Start of INPUT DATA

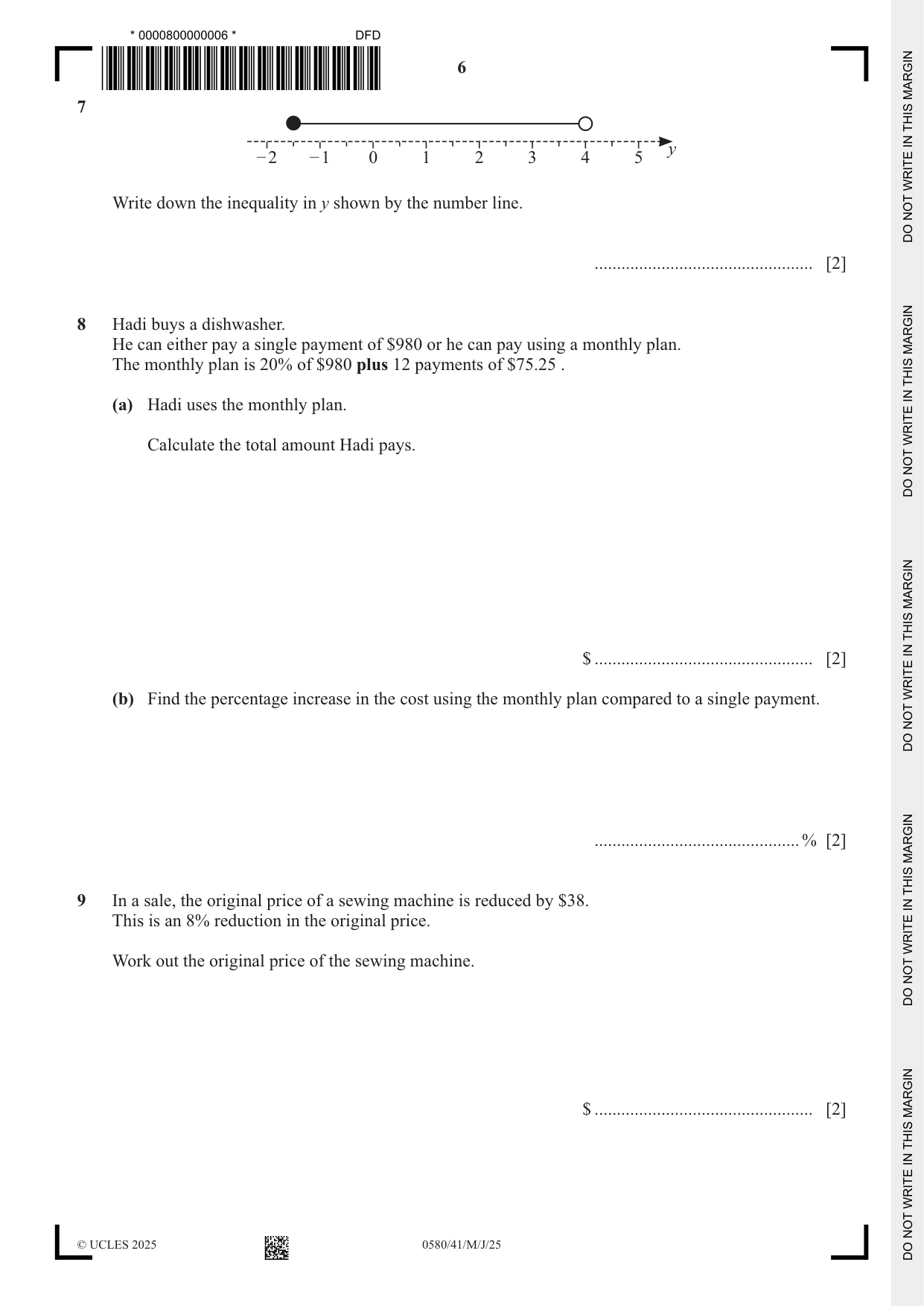 Cambridge IGCSE Mathematics 0580 2025 May/June Paper 4 · Variant 1 question paper, page 6 of 16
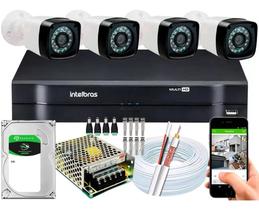 Kit Cftv 4 Cameras Segurança Full Hd Dvr Intelbras 1tb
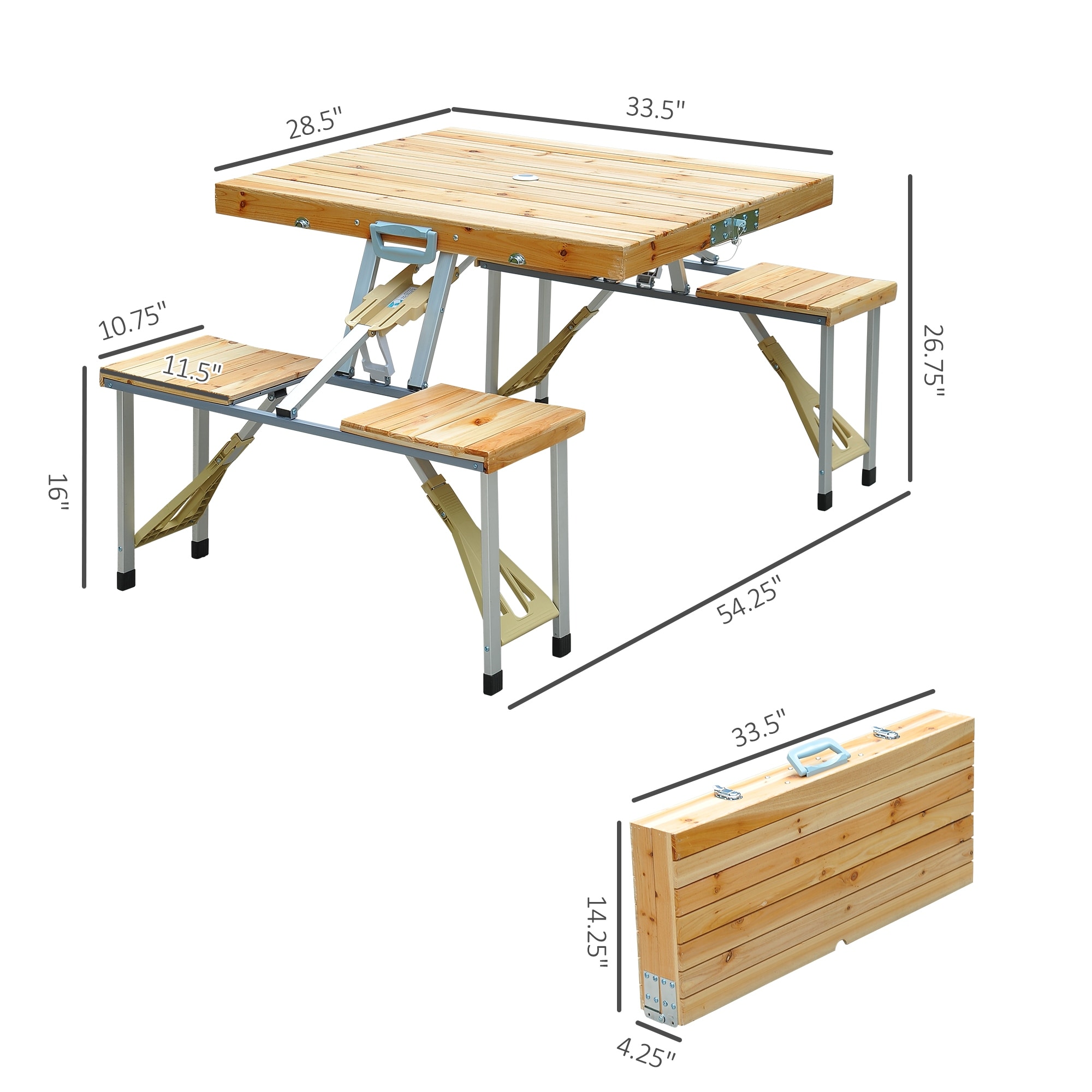 suitcase folding picnic table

End of INPUT DATA

- _BRIEF_
Your response should reproduce the entire listing verbatim, minus the pictures.

- _SOLVED PROBLEM_
 Cambridge IGCSE Mathematics 0580 2025 May/June Paper 4 · Variant 1 question paper, page 6 of 16
 Kit Cftv 4 Cameras Segurança Full Hd Dvr Intelbras 1tb
 suitcase folding picnic table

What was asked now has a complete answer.